Populisten die haatzaaien wijzen er graag op dat de vrijheid van meningsuiting niet mag worden ingeperkt, maar is dat wel zo? Filosoof Floris Schleicher probeert deze vraag te beantwoorden aan de hand van de zaak Wilders II en hedendaagse filosofen over meningsvrijheid.
De vrijheid van meningsuiting staat vandaag de dag onder druk. Zo waren er onlangs protesten tegen Donald Trump en journalist Milo Yiannopoulos vanwege hun politiek incorrecte uitspraken. Ook in Nederland lijkt deze vrijheid onder druk te staan met de recente veroordeling van Geert Wilders om zijn ‘minder Marokkanen’-uitspraak.
Dit laatste voorbeeld springt van de bovenstaande voorbeelden het meest in het oog, omdat de rechter in dit geval heeft gewezen op de grenzen van de vrijheid van meningsuiting. Daarnaast is de veroordeling van Wilders ook een interessant voorbeeld omdat het over een onderliggende reden van de hedendaagse controverse rondom de vrijheid van meningsuiting gaat: de spanningen rondom culturele identiteiten en dan met name religieus fundamentalisme.
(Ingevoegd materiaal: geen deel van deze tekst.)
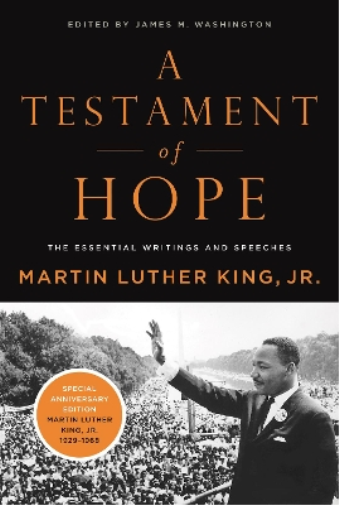 Martin Luther King Jr. A Testament of Hope (00)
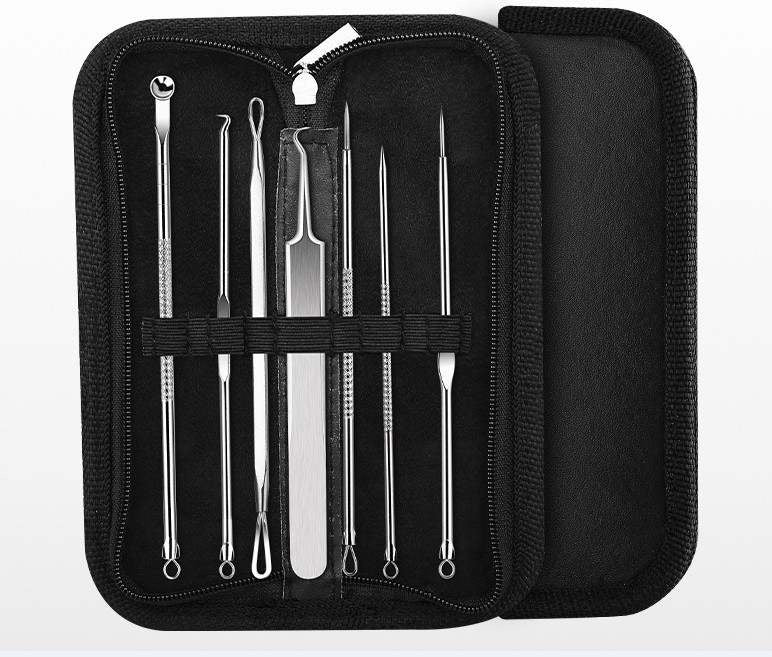 Acne Removal Set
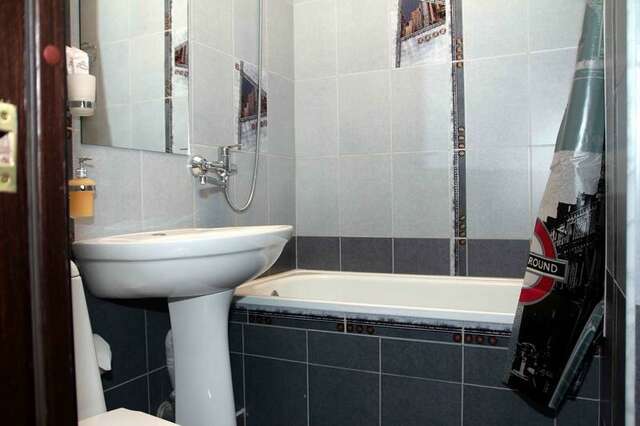 Гостиница Ника Ессентуки-45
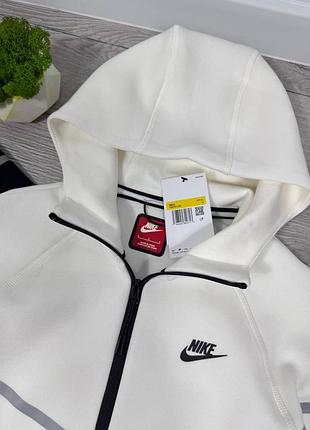 Зіпки nike tech fleece 6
In dit stuk zal ik de focus leggen op de vraag die de zaak Wilders II bovenal oproept: zou men een dergelijk fundamenteel grondrecht als de vrijheid van meningsuiting wel mogen inperken? Leven wij immers niet in het vrije Westen, waar men moet kunnen zeggen wat men wil? Door in te zoomen op de zaak Wilders II kunnen we mijns inziens zien dat vrijheid van meningsuiting een stuk complexer is dan deze vraag doet vermoeden. Sterker nog, we kunnen zien dat diegenen die voor het inperken van de vrijheid van meningsuiting zijn in bepaalde situaties tegelijkertijd als voorvechters van vrijheid van meningsuiting kunnen worden gezien, hoe paradoxaal dit op het eerste oog ook moge lijken.
De zaak Wilders II
Op 19 maart 2014 deed Geert Wilders zijn minder-Marokkanen-uitspraak in een speech na de gemeenteraadsverkiezingen voor een zaal vol voorstanders. Voor deze uitspraak werd Wilders, tot ontsteltenis van velen, veroordeeld voor groepsbelediging en aanzetten tot discriminatie op basis van de artikelen 137c en d van het Wetboek van Strafrecht. Artikel 137c verstaat onder groepsbelediging het opzettelijk beledigen van een groep op basis van ras, godsdienst of levensovertuiging, hetero- of homoseksuele gerichtheid of lichamelijke, psychische of verstandelijke handicap en Artikel 137d veroordeeld aanzetten tot discriminatie en haat op basis van dezelfde karakteristieken.[1] Echter, Wilders is in dit proces wél vrijgesproken voor het aanzetten tot haat, maar dat het Openbaar Ministerie in beroep gaat tegen deze vrijspraak.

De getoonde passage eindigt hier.